Une décision motivée par la situation sanitaire
Cette décision fait suite à la situation sanitaire qui prévaut actuellement en République démocratique du Congo, notamment avec l’épidémie d’Ebola. La CAVB évoque également les inquiétudes exprimées par plusieurs fédérations participantes auprès de leurs gouvernements, qui craignaient pour la sécurité sanitaire de leurs délégations.
Après examen de la situation, l’instance continentale a donc décidé de délocaliser le tournoi vers la Tunisie, un pays qui dispose déjà d’infrastructures et d’une expérience avérée dans l’organisation de grandes compétitions internationales.
Un enjeu de taille pour les nations participantes
Cette compétition revêt une importance particulière pour les nations participantes, puisqu’elle servira également de cadre de qualification pour les Jeux olympiques de Los Angeles 2028 et la Coupe du monde 2027. Les équipes engagées joueront donc gros, avec des billets pour les plus grandes scènes mondiales en jeu.

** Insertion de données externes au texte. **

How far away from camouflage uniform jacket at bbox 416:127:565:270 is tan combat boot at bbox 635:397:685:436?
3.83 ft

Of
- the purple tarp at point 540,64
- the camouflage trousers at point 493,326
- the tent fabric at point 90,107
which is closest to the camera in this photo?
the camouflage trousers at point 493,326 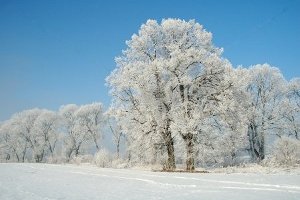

Un coup dur pour le volley-ball congolais
Pour la RDC, cette délocalisation constitue un véritable coup dur. Le pays comptait profiter de l’organisation à domicile pour :
- Mettre en valeur le volley-ball congolais
- Offrir au public de Kinshasa un grand rendez-vous sportif continental
- Renforcer l’attractivité du pays dans le domaine sportif
Pour les sportifs, les dirigeants et les amateurs congolais de volley-ball, cette décision laisse un goût amer, alors que Kinshasa devait accueillir les meilleures sélections africaines du 7 au 21 septembre prochain.
Une perte d’opportunité pour le sport congolais
L’organisation d’un tel événement aurait permis de dynamiser la pratique du volley-ball en RDC, de susciter des vocations chez les jeunes et de renforcer la visibilité du pays sur la scène sportive continentale. La perte de cette compétition est donc une occasion manquée pour le développement du volley-ball congolais.